[Activity] Your task is to copy exactly the lines from the line containing "coin reverse France" through the end of the listing below, with pictures left out.

=== Begin Enclosure ===

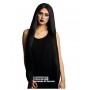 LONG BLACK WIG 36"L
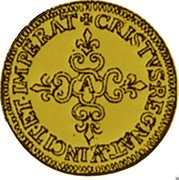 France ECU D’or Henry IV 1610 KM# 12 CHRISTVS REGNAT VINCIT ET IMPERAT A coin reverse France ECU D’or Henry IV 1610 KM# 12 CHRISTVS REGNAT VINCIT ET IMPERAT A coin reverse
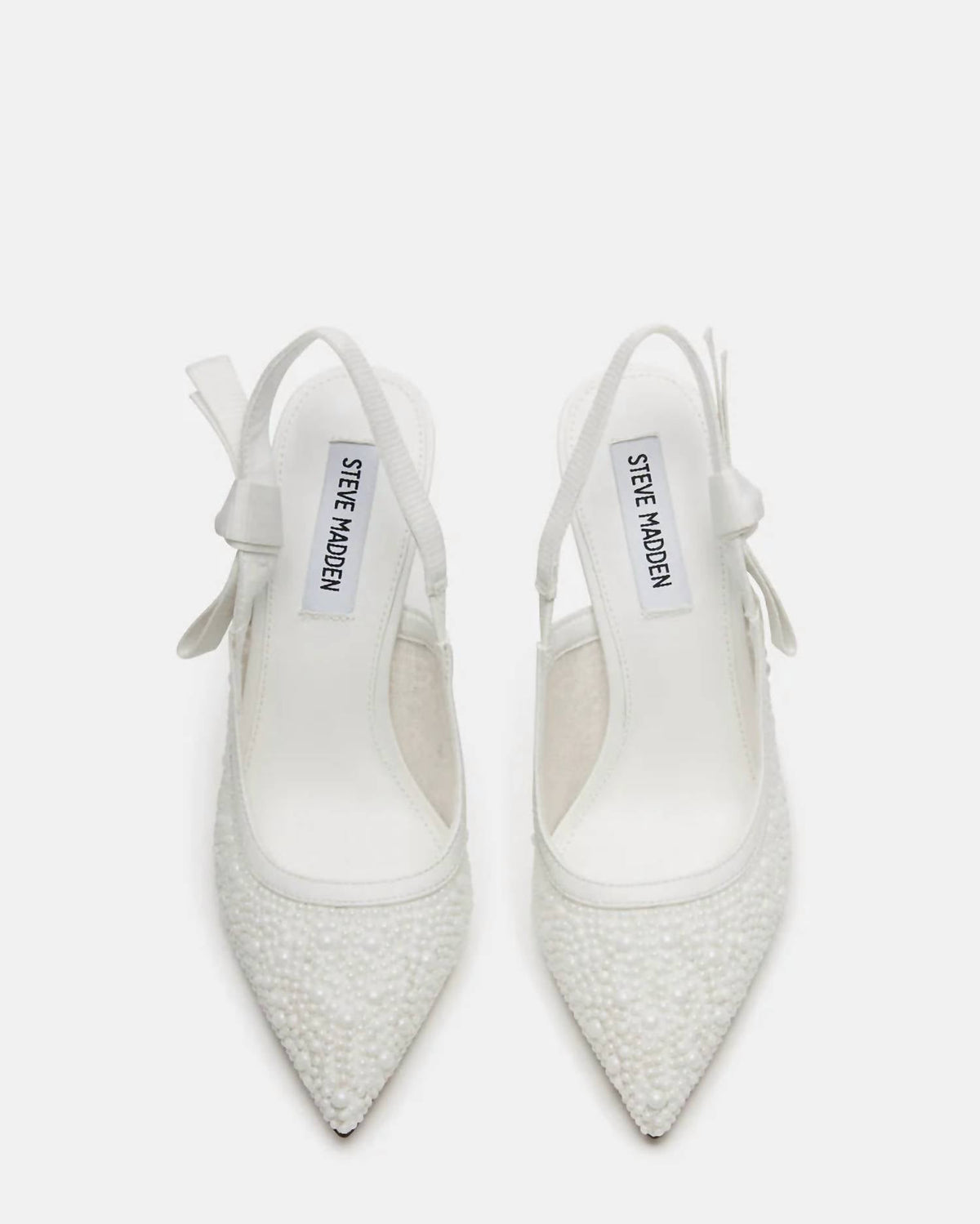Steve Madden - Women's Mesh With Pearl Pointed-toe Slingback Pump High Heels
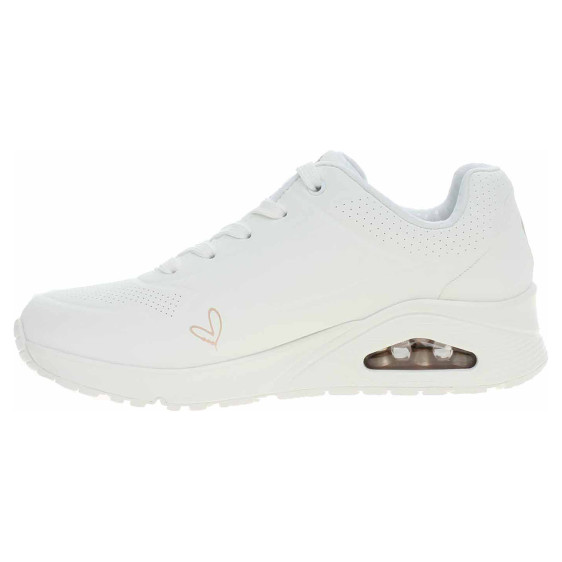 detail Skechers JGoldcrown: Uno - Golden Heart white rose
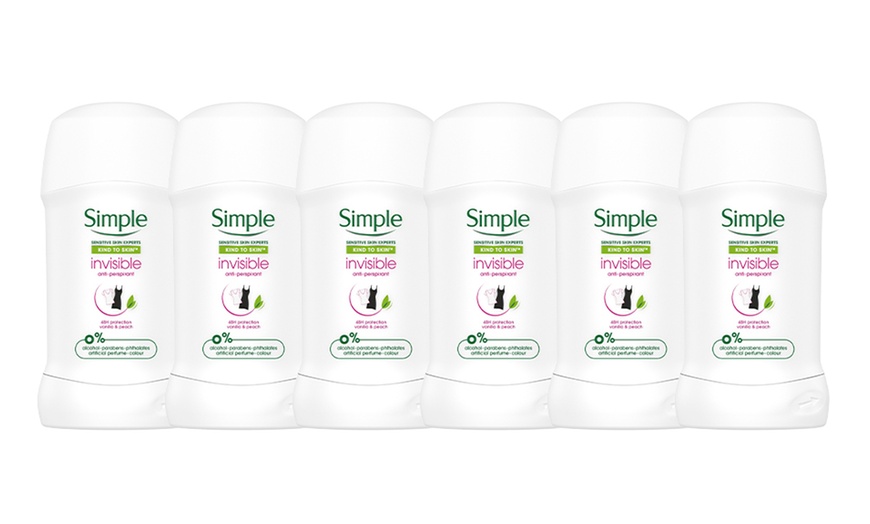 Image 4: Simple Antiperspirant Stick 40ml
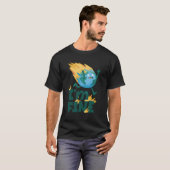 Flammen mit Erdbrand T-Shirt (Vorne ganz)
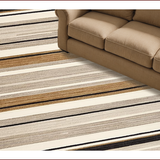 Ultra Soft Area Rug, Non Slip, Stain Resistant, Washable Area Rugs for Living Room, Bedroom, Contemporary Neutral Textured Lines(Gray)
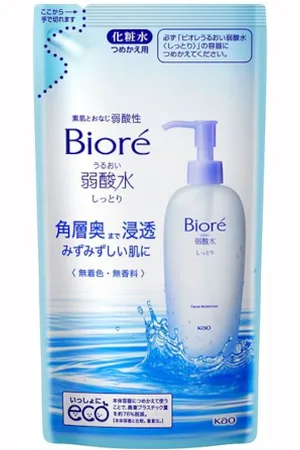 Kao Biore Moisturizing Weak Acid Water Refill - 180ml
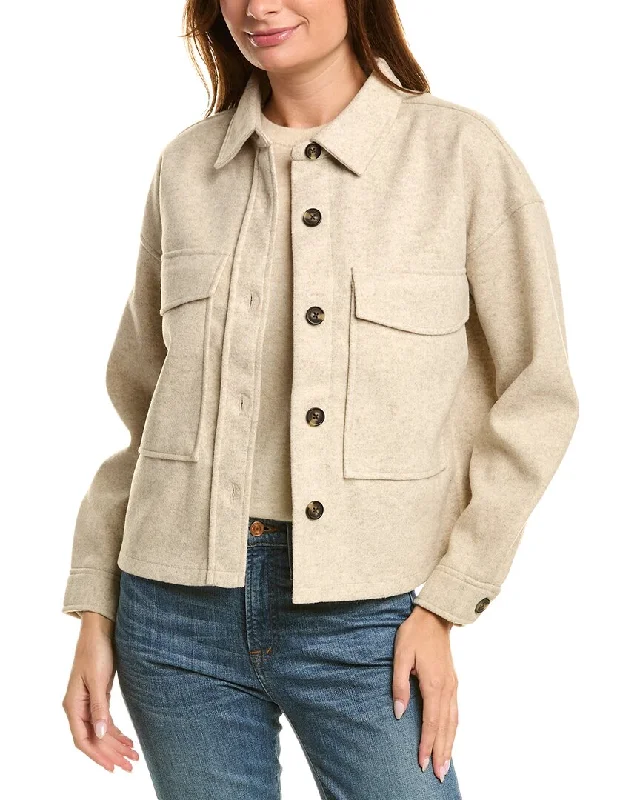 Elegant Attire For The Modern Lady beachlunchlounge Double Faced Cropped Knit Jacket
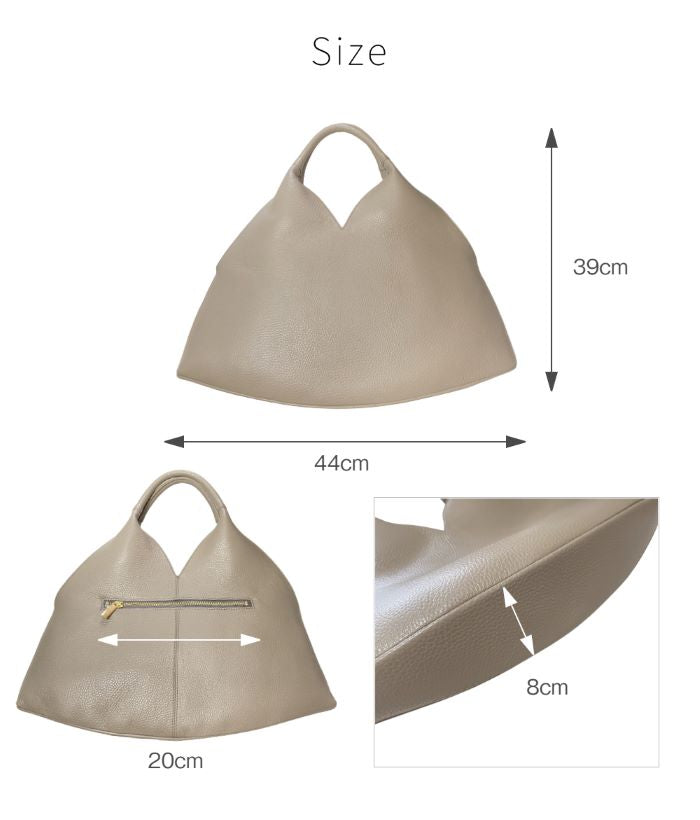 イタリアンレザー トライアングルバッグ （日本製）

=== End Enclosure ===

[Answer to the exercise]
 France ECU D’or Henry IV 1610 KM# 12 CHRISTVS REGNAT VINCIT ET IMPERAT A coin reverse France ECU D’or Henry IV 1610 KM# 12 CHRISTVS REGNAT VINCIT ET IMPERAT A coin reverse
Steve Madden - Women's Mesh With Pearl Pointed-toe Slingback Pump High Heels
 detail Skechers JGoldcrown: Uno - Golden Heart white rose
 Image 4: Simple Antiperspirant Stick 40ml
 Flammen mit Erdbrand T-Shirt (Vorne ganz)
 Ultra Soft Area Rug, Non Slip, Stain Resistant, Washable Area Rugs for Living Room, Bedroom, Contemporary Neutral Textured Lines(Gray)
 Kao Biore Moisturizing Weak Acid Water Refill - 180ml
 Elegant Attire For The Modern Lady beachlunchlounge Double Faced Cropped Knit Jacket
 イタリアンレザー トライアングルバッグ （日本製）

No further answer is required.